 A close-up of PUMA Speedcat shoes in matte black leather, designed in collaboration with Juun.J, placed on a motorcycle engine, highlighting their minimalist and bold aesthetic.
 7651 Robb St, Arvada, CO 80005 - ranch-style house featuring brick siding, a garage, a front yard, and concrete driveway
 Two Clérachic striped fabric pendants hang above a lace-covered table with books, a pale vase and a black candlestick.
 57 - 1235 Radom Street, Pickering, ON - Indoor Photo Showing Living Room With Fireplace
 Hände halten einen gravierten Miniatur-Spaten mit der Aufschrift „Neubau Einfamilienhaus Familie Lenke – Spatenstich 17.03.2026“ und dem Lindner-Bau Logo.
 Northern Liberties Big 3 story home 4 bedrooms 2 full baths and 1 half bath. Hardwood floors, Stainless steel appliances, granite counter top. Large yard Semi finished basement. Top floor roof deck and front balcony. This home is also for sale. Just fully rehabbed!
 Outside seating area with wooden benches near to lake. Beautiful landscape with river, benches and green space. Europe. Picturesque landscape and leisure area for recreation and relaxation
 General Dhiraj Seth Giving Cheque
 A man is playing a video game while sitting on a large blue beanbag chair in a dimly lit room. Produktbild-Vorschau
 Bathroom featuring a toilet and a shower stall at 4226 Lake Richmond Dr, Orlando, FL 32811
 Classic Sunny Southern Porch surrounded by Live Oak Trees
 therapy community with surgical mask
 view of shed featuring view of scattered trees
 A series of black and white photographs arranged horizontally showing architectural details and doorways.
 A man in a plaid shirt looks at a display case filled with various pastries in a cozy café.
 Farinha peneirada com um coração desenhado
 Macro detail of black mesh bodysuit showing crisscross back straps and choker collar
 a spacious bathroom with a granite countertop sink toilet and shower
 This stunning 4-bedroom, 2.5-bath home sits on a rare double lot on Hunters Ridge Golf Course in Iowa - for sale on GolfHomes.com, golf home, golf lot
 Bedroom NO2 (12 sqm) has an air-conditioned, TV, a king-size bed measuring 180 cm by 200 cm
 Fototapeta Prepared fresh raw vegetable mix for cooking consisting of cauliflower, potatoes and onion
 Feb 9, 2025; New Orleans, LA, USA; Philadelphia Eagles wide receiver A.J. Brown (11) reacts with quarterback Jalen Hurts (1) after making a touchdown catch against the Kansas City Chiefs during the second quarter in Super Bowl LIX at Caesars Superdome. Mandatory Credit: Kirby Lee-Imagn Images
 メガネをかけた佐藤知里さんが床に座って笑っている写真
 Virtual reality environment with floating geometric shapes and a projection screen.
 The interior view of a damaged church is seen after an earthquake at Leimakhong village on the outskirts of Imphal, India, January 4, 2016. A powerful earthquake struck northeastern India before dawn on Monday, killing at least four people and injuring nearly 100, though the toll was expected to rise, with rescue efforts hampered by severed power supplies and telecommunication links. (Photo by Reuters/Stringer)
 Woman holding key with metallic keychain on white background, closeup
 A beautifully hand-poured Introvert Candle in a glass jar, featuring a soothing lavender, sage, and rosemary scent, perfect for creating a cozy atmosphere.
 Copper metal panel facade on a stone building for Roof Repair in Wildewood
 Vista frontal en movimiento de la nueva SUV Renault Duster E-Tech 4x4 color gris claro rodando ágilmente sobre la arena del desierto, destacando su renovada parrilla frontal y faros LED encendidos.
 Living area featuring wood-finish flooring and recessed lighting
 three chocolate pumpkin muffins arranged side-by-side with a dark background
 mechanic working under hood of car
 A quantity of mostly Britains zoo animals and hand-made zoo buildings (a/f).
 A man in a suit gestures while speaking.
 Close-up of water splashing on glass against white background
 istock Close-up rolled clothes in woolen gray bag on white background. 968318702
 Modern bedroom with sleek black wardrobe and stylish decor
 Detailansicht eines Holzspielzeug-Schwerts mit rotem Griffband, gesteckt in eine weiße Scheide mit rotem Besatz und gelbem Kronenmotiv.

════

Work required: In the listing above, locate the line with "A man is playing" and the line with "Virtual reality environment", then extract exactly those lines and every line between them, and nothing more.

Expected answer:
 A man is playing a video game while sitting on a large blue beanbag chair in a dimly lit room. Produktbild-Vorschau
 Bathroom featuring a toilet and a shower stall at 4226 Lake Richmond Dr, Orlando, FL 32811
 Classic Sunny Southern Porch surrounded by Live Oak Trees
 therapy community with surgical mask
 view of shed featuring view of scattered trees
 A series of black and white photographs arranged horizontally showing architectural details and doorways.
 A man in a plaid shirt looks at a display case filled with various pastries in a cozy café.
 Farinha peneirada com um coração desenhado
 Macro detail of black mesh bodysuit showing crisscross back straps and choker collar
 a spacious bathroom with a granite countertop sink toilet and shower
 This stunning 4-bedroom, 2.5-bath home sits on a rare double lot on Hunters Ridge Golf Course in Iowa - for sale on GolfHomes.com, golf home, golf lot
 Bedroom NO2 (12 sqm) has an air-conditioned, TV, a king-size bed measuring 180 cm by 200 cm
 Fototapeta Prepared fresh raw vegetable mix for cooking consisting of cauliflower, potatoes and onion
 Feb 9, 2025; New Orleans, LA, USA; Philadelphia Eagles wide receiver A.J. Brown (11) reacts with quarterback Jalen Hurts (1) after making a touchdown catch against the Kansas City Chiefs during the second quarter in Super Bowl LIX at Caesars Superdome. Mandatory Credit: Kirby Lee-Imagn Images
 メガネをかけた佐藤知里さんが床に座って笑っている写真
 Virtual reality environment with floating geometric shapes and a projection screen.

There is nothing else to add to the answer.